Sementara itu, nun jauh di negara berkode +62, di negeri yang mayoritas penduduknya menganut agama Islam, presidennya malah membuka celah legalisasi minuman keras. Presiden ini, yang oleh pendukungnya pernah dianggap mirip dengan sosok Khalifah Umar bin Khattab membuka pintu lebar-lebar bagi para investor yang ingin berinvestasi di industri minuman keras. Baik itu skala besar maupun kelas eceran.
Melalui Peraturan Presiden (Perpres) Nomor 10 Tahun 2021 tentang Bidang Usaha Penanaman Modal yang diteken pada 2 Februari 2021, presiden negara +62 mengijinkan investor untuk menanamkan modalnya di industri minuman keras dengan syarat hanya dilakukan di daerah tertentu sesuai dengan budaya dan kearifan setempat.
"Persyaratan, untuk penanaman modal baru dapat dilakukan pada provinsi Bali, Nusa Tenggara Timur, Sulawesi Utara, Papua dengan memperhatikan budaya dan kearifan setempat," tulis lampiran III perpres tersebut.
Entah apa yang dimaksud dengan budaya dan kearifan setempat. Apakah presiden menganggap minum miras di empat wilayah itu sudah menjadi tradisi dan kearifan lokal yang kelak akan menjadi norma sosial sebagaimana di negara-negara barat?

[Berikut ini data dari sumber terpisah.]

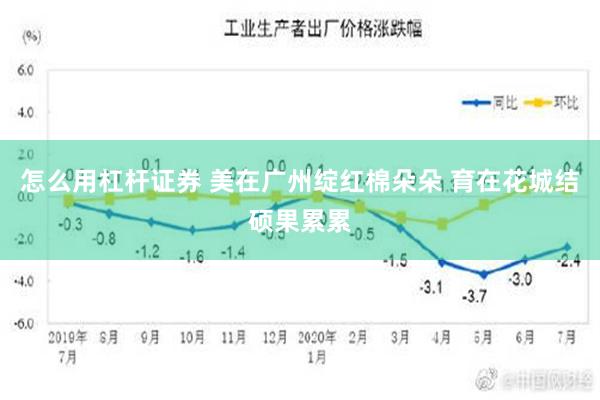 怎么用杠杆证券 美在广州绽红棉朵朵 育在花城结硕果累累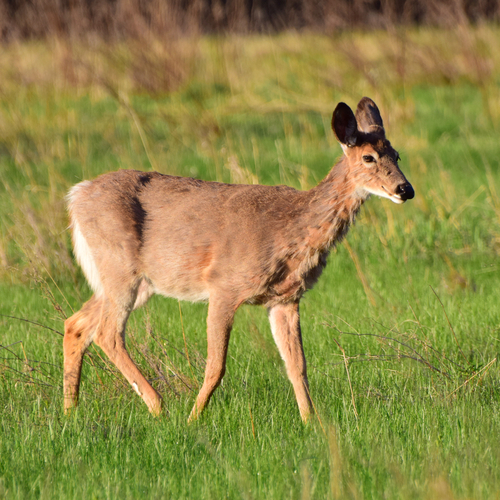 cerf de Virginie observed by bedmar1958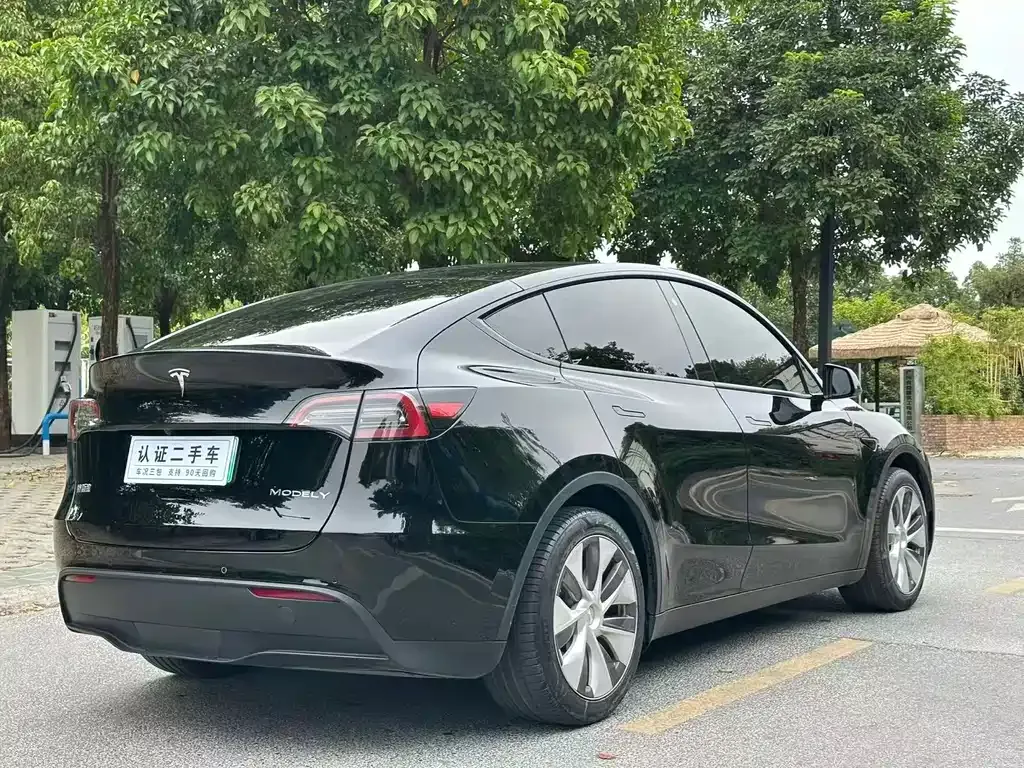 Tesla Model Y — фото 9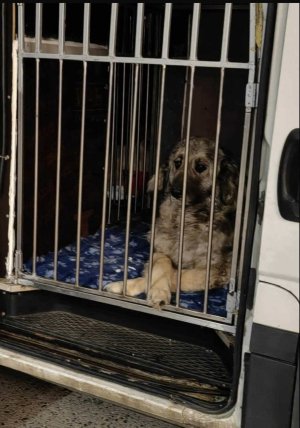 IMG_3097.jpeg IMG_3097.jpeg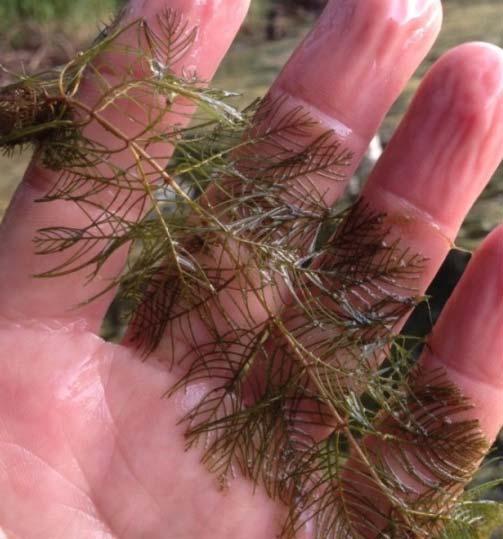 4.3 Eurasian Watermilfoil Eurasian watermilfoil (Myriophyllum spicatum) is an invasive aquatic plant that is native to northern Europe and Asia.
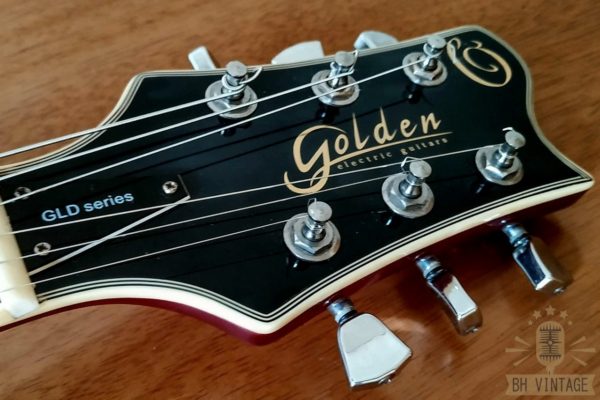 Guitarra Golden Les Paul GDL series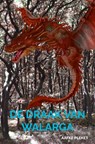 De draak van Walarga - Aafke Pleket - 9789464488685
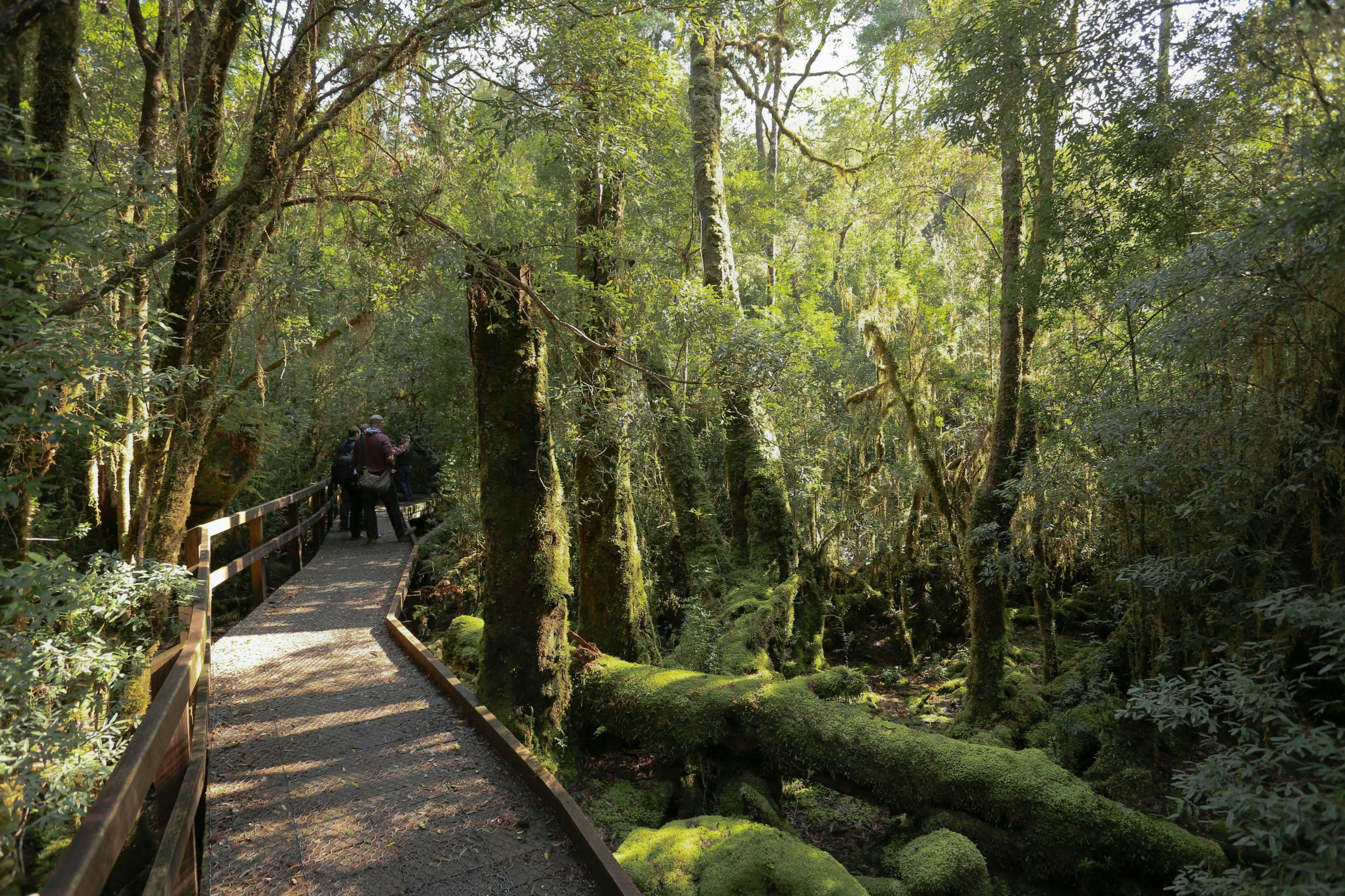 A wooden walkway through a lush, green forest with moss-covered trees and a group of people walking in the distance.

Presiden negara +62 tampaknya tidak menyadari dampak jangka panjang dari keputusan tersebut. Dengan mengijinkan investor menanamkan modal di industri miras bahkan hingga skala UMKM, itu sama artinya dengan merusak masa depan generasi bangsa.
George W. Bush, Donald Trump hingga Joe Biden saja sadar dengan sepenuh hati bagaimana bahayanya minuman beralkohol, eh presiden negara +62 yang dasar negaranya "Ketuhanan yang Maha Esa" dan penduduknya beragama malah mengijinkan investasinya.